Of course, if it were really that simple, we probably wouldn't be having this symposium.
So I'm not a lawyer, but I want to talk about vids as fair use, and specifically I want to talk about why I think vids are transformative in a way that qualifies as fair use. And to do this, I'm going to talk about narrative theory, because while I don't know much about copyright law, I do know a lot about narrative. I want to start by talking about the ways in which narrative theory helps us think about the video part of vids as fair use, even though that may seem like retreading some familiar ground, and then I want to speculate a little about how the ideas from narrative theory might help us think about the audio part of vids as fair use, since that part's a little trickier.

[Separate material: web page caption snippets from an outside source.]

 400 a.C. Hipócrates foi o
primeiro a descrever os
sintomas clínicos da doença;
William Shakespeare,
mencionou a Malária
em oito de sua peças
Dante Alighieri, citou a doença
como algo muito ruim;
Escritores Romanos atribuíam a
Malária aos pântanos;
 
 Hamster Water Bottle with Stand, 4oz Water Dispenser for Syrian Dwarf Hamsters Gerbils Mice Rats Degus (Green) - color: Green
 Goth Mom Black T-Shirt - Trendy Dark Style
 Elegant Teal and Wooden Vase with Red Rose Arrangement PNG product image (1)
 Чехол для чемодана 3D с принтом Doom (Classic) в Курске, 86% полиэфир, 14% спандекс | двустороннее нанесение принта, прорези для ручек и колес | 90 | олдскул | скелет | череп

There are several kinds of remix video in general and vids in particular where it's pretty easy to make a case for fair use--at least for fair use of the visuals, so let's stick to video for now. We've got remix videos that are parodies; parody is a pretty well-tested category of fair use. The problem is that not very many vids are parodies--not unless we stretch the term "parody" so far that it ceases to be recognizable. Parody is a genre that seems to be much more popular with men, whereas vids are overwhelmingly made by women, which is where the gender part of this presentation comes in. In addition to parody, we've also got vids that function pretty explicitly as textual or cultural criticism; this is a much bigger category of vids, and here again we're actually on pretty safe ground; Professor Coppa has argued that a vid is "a visual essay that stages an argument," and to the extent that a given vid is an argument, it can be defended on the grounds of fair use--the same kind of fair use that allows me to quote from a novel when I write an article about it.
So a lot of vids unambiguously belong to the protected categories of criticism or commentary. But other cases are less clear-cut. I actually think it's true that all vids are arguments, if only in the most basic sense: every vid is an argument saying "see this show my way." But some vids are obviously arguments, and some vids are not so obvious. This is what Trombley's getting at in "Visions and Revisions" when she comments that "A fanvid which merely recapitulates the plot of a work or the development of a relationship between previously-existing characters is perhaps the least transformative use" (665). And there are a lot of vids that seem to fall into this category of "mere recapitulation."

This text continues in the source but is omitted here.